Llama 3.1 8B was fine — the summaries were accurate and useful — but they had a slightly more mechanical feel. For internal workflow use where I'm the only one reading them, it's completely adequate. If these summaries were going to clients, I'd use GPT-4.

I kept this workflow on Ollama but added a "review" flag for any lead scored above a certain threshold, where I personally review the AI summary before using it.

Weekly Report Drafting#

This was the biggest quality gap. Report writing requires fluent prose and the ability to weave a coherent narrative from a list of completed tasks. Llama 3.1 8B produced grammatically correct text that covered all the facts, but it lacked the natural flow that GPT-4 could produce.

For this specific workflow, I switched from Ollama to a compromise: I use Ollama for the data aggregation and structuring step (which is mechanical), and GPT-4 for the final prose generation step (which benefits from the quality difference).
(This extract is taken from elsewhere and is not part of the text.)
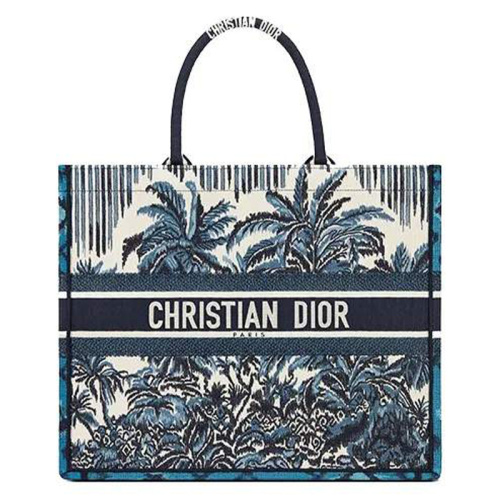 Сумка-тоут BookTote Palms тёмно-синяя large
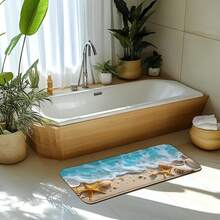 Non-Slip Bath Mat Suitable For Bathroom, Kitchen, Bedroom - Ultra-Soft Starfish & Seashell Beach Floor, Plush Rectangular With Non-Slip Backing, Machine Washable, Low-Maintenance Decor - Multicolor - View 7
This reduced my OpenAI costs by about 80% for this workflow while keeping the output quality high.

My Current Model Setup#

After a month of testing, here's what I actually use:

| Task | Model | Reason | |---|---|---| | Email classification | Phi-3 Mini | Fast, accurate enough, very low resource | | Document detection | Llama 3.1 8B | Good accuracy, handles longer text | | Data extraction from docs | Llama 3.1 8B | Good JSON output with proper prompts | | Lead summaries | Llama 3.1 8B | Adequate quality for internal use | | Report prose writing | GPT-4 (via API) | Quality matters, small volume | | Research summaries | Llama 3.1 70B (server) | Better reasoning, justify the resource use |

The 70B model runs on a rented GPU server (Lambda Labs, used only for batch jobs), not my laptop. For occasional heavy tasks it's cost-effective — a few dollars for an hour of GPU time is far less than equivalent GPT-4 API calls.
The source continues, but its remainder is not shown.